Durant le trajet qui séparait Sparte d’Argos, l’armée épirote tomba dans une embuscade, où elle aurait péri tout entière, sans le dévouement des Gaulois qui en formaient l’arrière-garde : le roi eut à déplorer la perte de la plupart de ces braves, et celle de son fils, tué en combattant à leur tête [Ibid. — Justin, XXV]. Ce fut aux deux mille Gaulois qui survécurent à ce désastre que Pyrrhus [273 av. J.-C.], en arrivant à Argos, confia la périlleuse mission de pénétrer, de nuit et les premiers, dans les rues de la ville, par une porte qu’un de ses partisans lui livra. Lui-même s’arrêta près de cette porte, pour surveiller l’introduction de ses éléphants et du reste de son armée. Tout paraissait lui réussir, et, plein d’une confiance immodérée, il faisait bondir son cheval, en poussant des hurlements de joie [Plutarque, in Pyrrho] ; mais ses Gaulois lui répondirent, de loin, par un cri de détresse [Ibid.]. Il les comprit, et, faisant signe à sa cavalerie, il se précipita avec elle à toute bride à travers les rues tortueuses d’Argos, vers le lieu d’où partait le cri. On sait quel fut le résultat de ce combat nocturne et de l’engagement du lendemain ; on sait aussi comment périt, de la main d’une pauvre femme, ce roi dont la mort ne fut pas moins bizarre que la vie. Quant à ses fidèles Gaulois, il est probable que peu d’entre eux sortirent d’Argos sains et saufs ; l’histoire du moins n’en fait plus mention.
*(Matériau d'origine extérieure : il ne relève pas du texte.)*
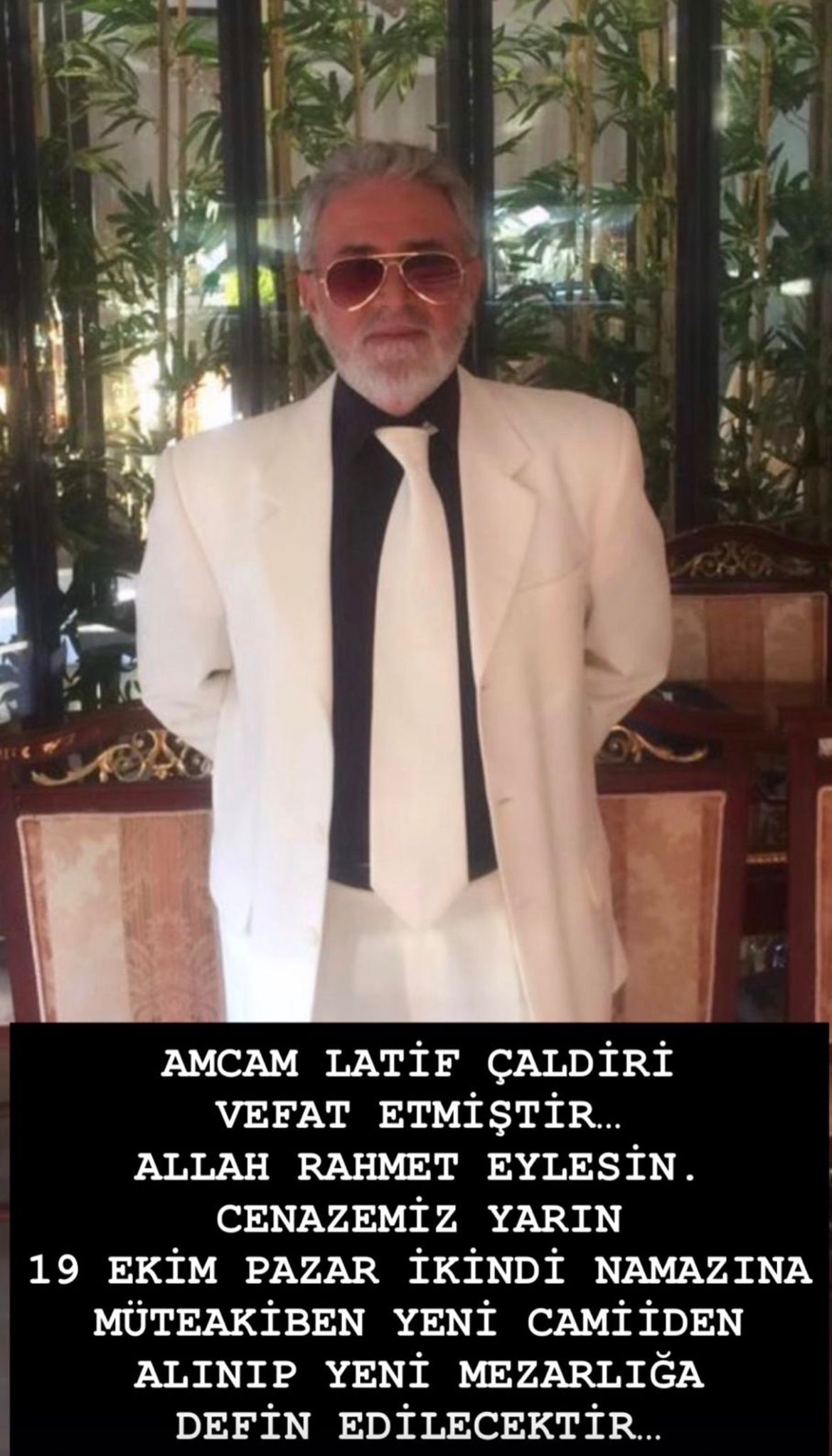 Whatsapp Image 2025 10 18 At 15.29.37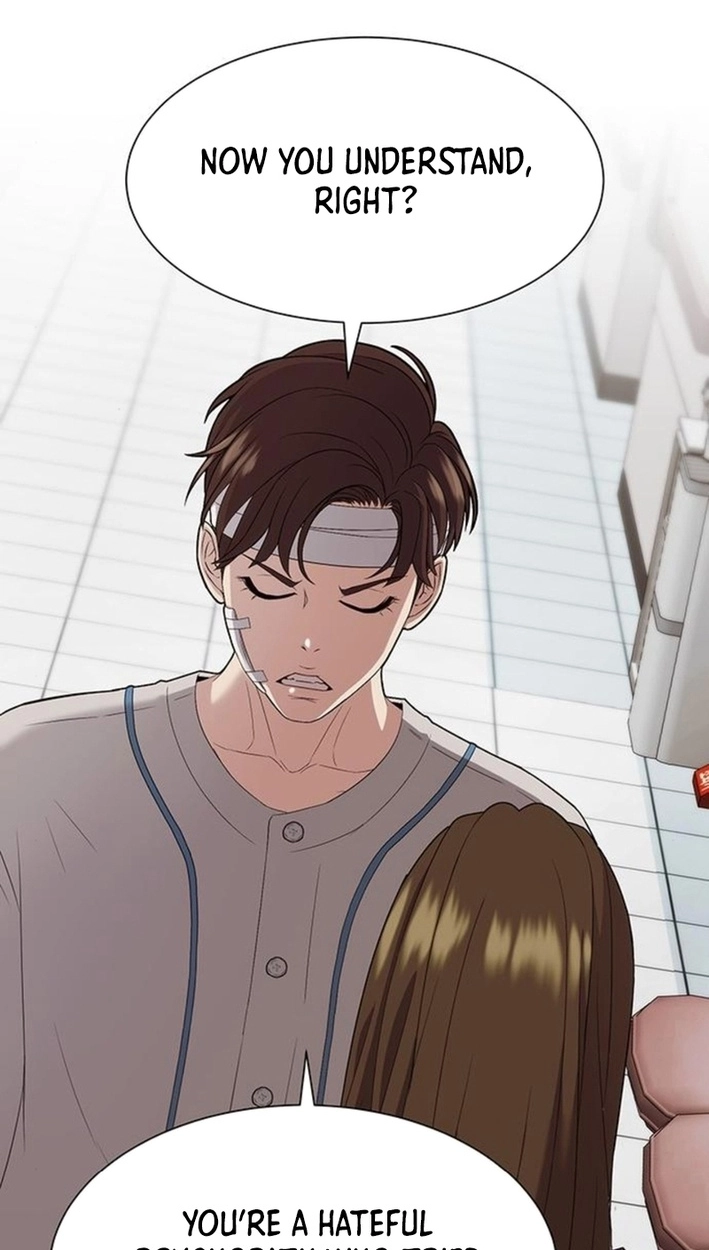 This Life Is K-Pop Revenge Chapter 46 page 86 - 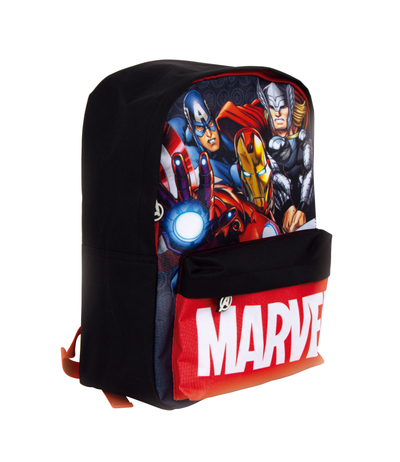 Çantë Disney AV15385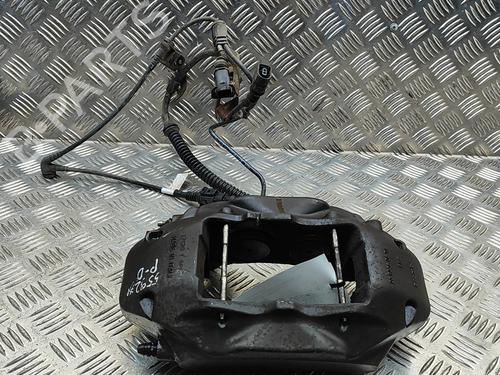 right-front-brake-caliper-vw-touareg-7p5-7p6-2010-2011-2012-2013-2014-2015-2016-2017-2018-29392057 main image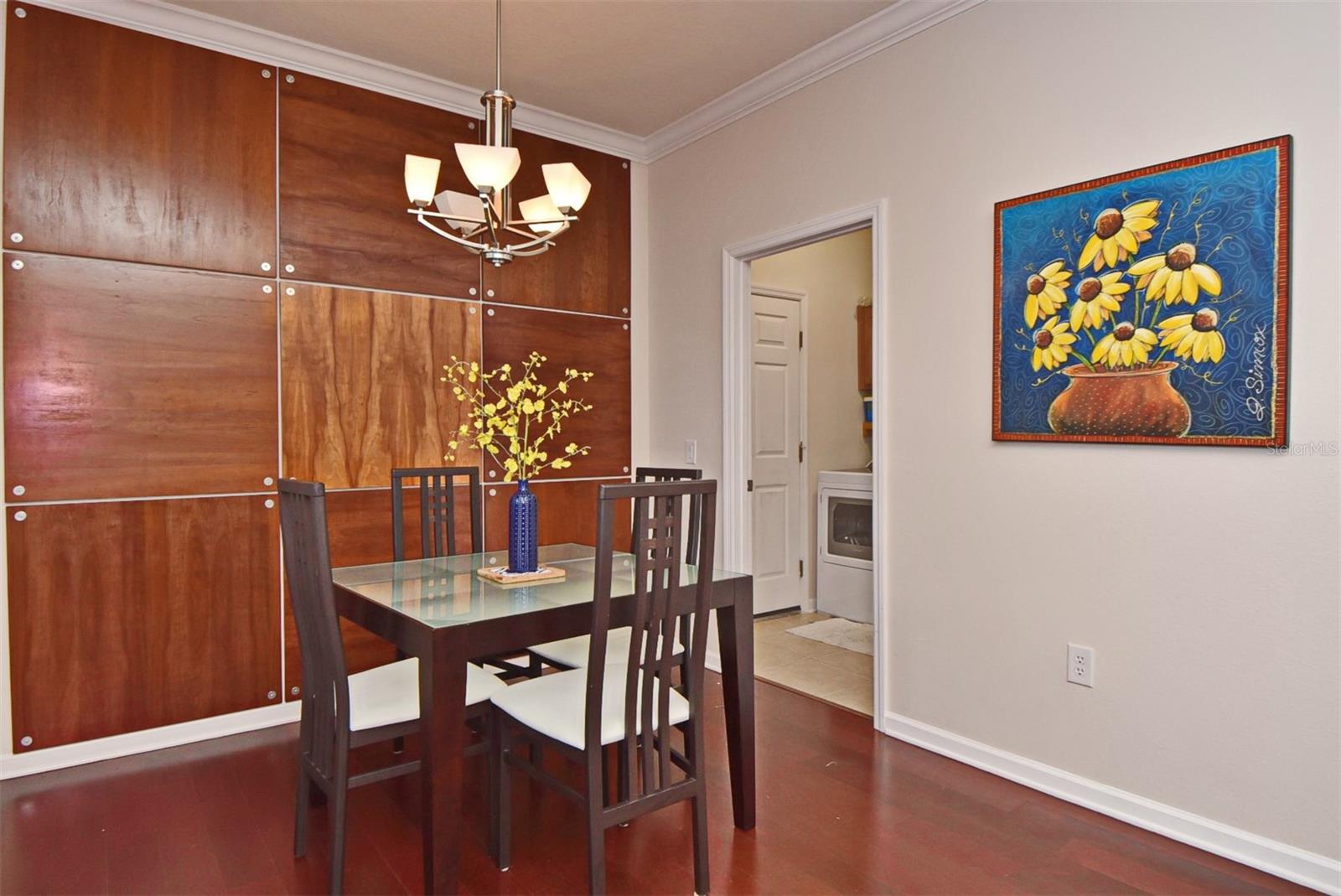 1126 TAPESTRY DR, CELEBRATION, FL, 34747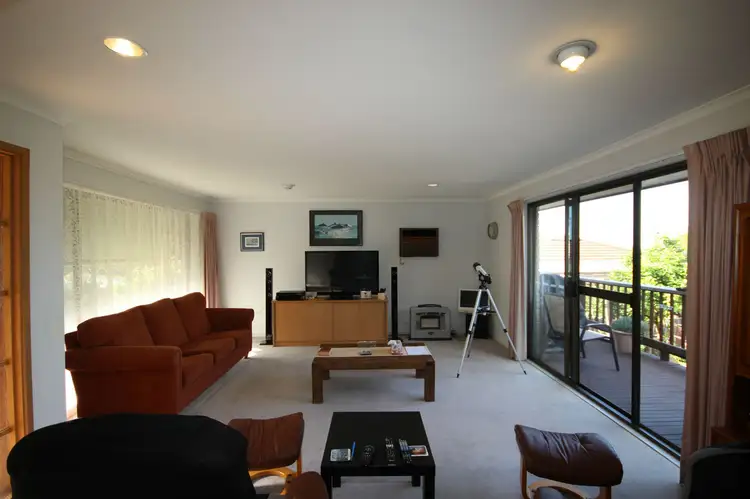 Fourth view of Homely unit listing, 1/14 Golf Circuit, Tura Beach NSW 2548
Divers corps de ce peuple continuèrent à servir dans les interminables querelles des rois grecs [271 av. J.-C.] ; mais ils n’avaient plus de Pyrrhus pour les guider, et leur rôle cessa d’être bien saillant. L’histoire n’a conservé, de toutes leurs actions durant ces guerres, qu’un seul trait, et celui-là méritait en effet de l’être par son caractère d’énergie féroce. Une de leurs bandes, à la solde de Ptolémée Philadelphe, roi d’Égypte, combattait dans le Péloponnèse, contre ce même Antigone, dont il a été question tout à l’heure ; se voyant cernés par une manœuvre des troupes macédoniennes, ils consultèrent les entrailles d’une victime sur l’issue de la bataille qu’ils allaient livrer. Les présages leur étant tout à fait défavorables, ils égorgèrent leurs enfants et leurs femmes ; puis, se jetant l’épée à la main sur la phalange macédonienne, ils se firent tuer tous jusqu’au dernier après avoir jonché la place de cadavres ennemis [Justin, XXVI, 2].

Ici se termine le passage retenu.